Legislative Framework

  1. MNS Holdings was required to be an approved standard business sponsor under s.140E of the Act in order to nominate a proposed occupation under s.140GB. Section 140E of the Act provides for the Minister to approve an applicant as a sponsor. The section provides:

    (1) The Minister must approve a person as a sponsor or in relation to one or more classes prescribed for the purpose of subsection (2) if the prescribed criteria are satisfied.

    (2) The regulations must prescribe classes in relation to which a person may be approved as a sponsor.

  2. Section 140GB of the Act provides as follows:

    (2)The Minister must approve an approved sponsor's nomination if:

    (a)in a case to which section 140GBA applies, unless the sponsor is exempt under section 140GBB or 140GBC--the labour market testing condition under section 140GBA is satisfied; and

    (b)    in any case--the prescribed criteria are satisfied. …

  3. In sum, s.140GB provides that an approved sponsor may nominate a proposed occupation. Pursuant to s.140GB(2)(b), the Minister must approve the sponsor’s nomination if, among other things, the prescribed criteria are satisfied, which criteria are contained in reg.2.72 of the Regulations. As at the date of the subject nomination application (21 December 2015), reg.2.72 provided, relevantly:

    (1)  This regulation applies in relation to a person who is:

    (a)a standard business sponsor; or

    (b)a party to a work agreement (other than a Minister);

    who, under paragraph 140GB(1)(b) of the Act, has nominated an occupation in relation to a holder of, or an applicant or a proposed applicant for, a Subclass 457 (Temporary Work (Skilled)) visa.

    (2)  For subsection 140GB(2) of the Act, the criteria that must be satisfied for the Minister to approve a nomination by a person are set out in subregulations (3) to (12).

    (4)The Minister is satisfied that the person is:

    (a)  a standard business sponsor; or

    (b)  a party to a work agreement (other than a Minister).

    (10)If the person is a standard business sponsor—the Minister is satisfied that:

    (f)  the position associated with the nominated occupation is genuine;…

  4. Pursuant to reg.2.72(4), the Minister (by his delegate) must be satisfied that the applicant is a standard business sponsor or a party to a work agreement (which did not apply to MNS Holdings).  Pursuant to reg.2.72(10)(f), the Minister must be satisfied that the position associated with the nominated occupation is genuine.

The Tribunal’s decision

  1. The issue before the Tribunal was whether MNS Holdings met the criteria for approval of the nomination, relevantly reg.2.72(4) and reg.2.72(10)(f), as at 13 February 2018, the date of the Tribunal’s decision.  The Tribunal affirmed the Delegate’s decision for two reasons:

    (i) the Tribunal was not satisfied that the position associated with the nominated occupation was “genuine” within the meaning of reg.2.72(10)(f).; and

    (ii) the Tribunal was not satisfied that the applicant was a “standard business sponsor” within the meaning of reg.2.72(4)(a). 
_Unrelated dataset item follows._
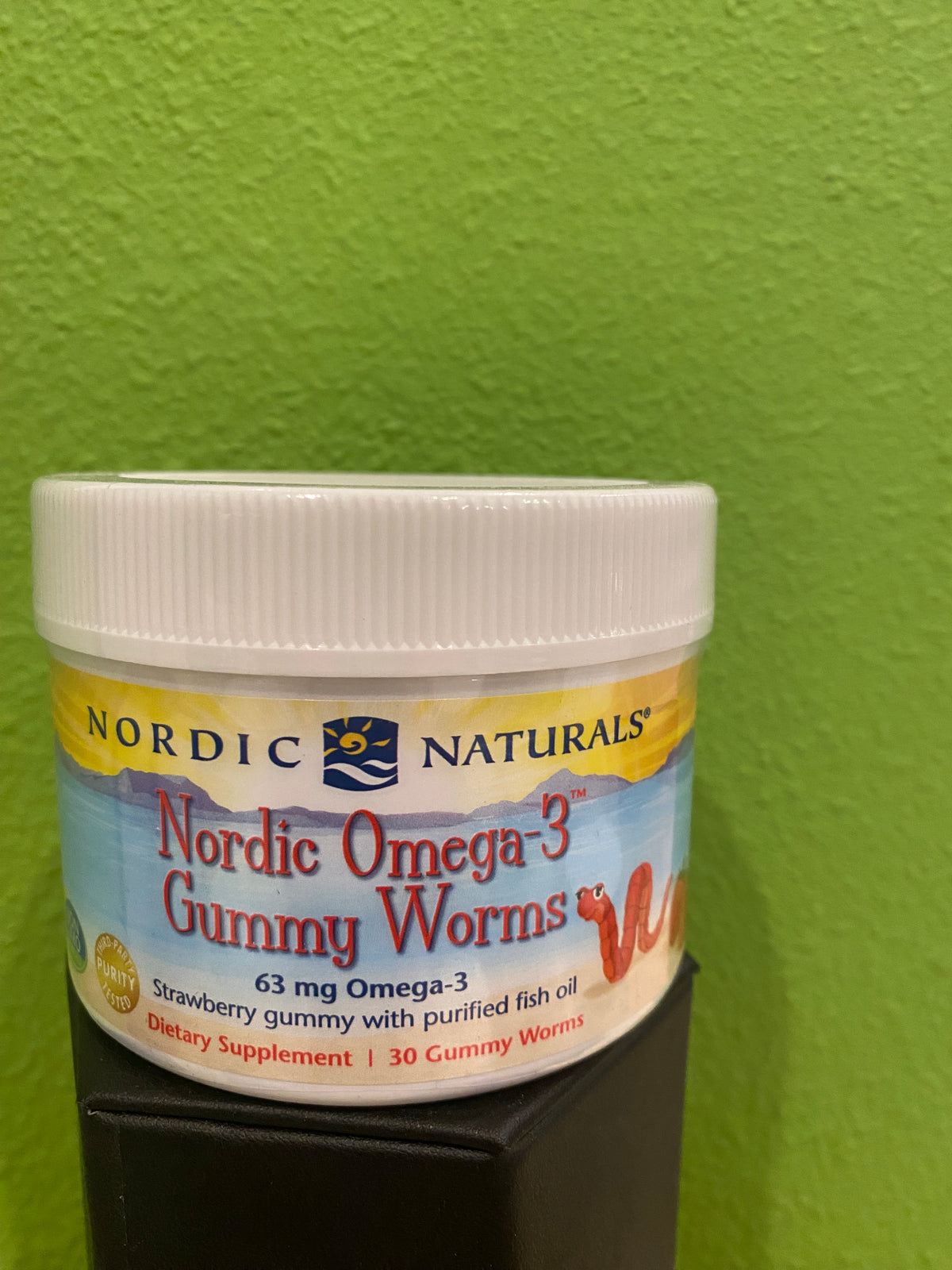 Omega-3 Worms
  2. In its Decision, the Tribunal set out the legislative framework for a nomination approval and outlined the proceeding prior to the Tribunal hearing (as set out in [11] to [27] above).  The Tribunal outlined the oral evidence given by Ms Rupasinghe at [13] to [23] of its Decision.  At [24], the Tribunal stated that it expressed its concerns as to whether there was a genuine need for a Quality Assurance Manager at the business:

    …considering that the business already has Operations Manager and Managing Director.  In addition, the business employs a full time Chef who is there to make sure that the food he/she prepares is of good quality and that he is using quality ingredients.  I further observed that the position of a Quality Assurance Manager is usually associated with manufacturing business and larger scale production lines.  I further observed that according to the evidence before me, the sponsoring business does not have a quality assurance department and that the Nominee is not managing such a department.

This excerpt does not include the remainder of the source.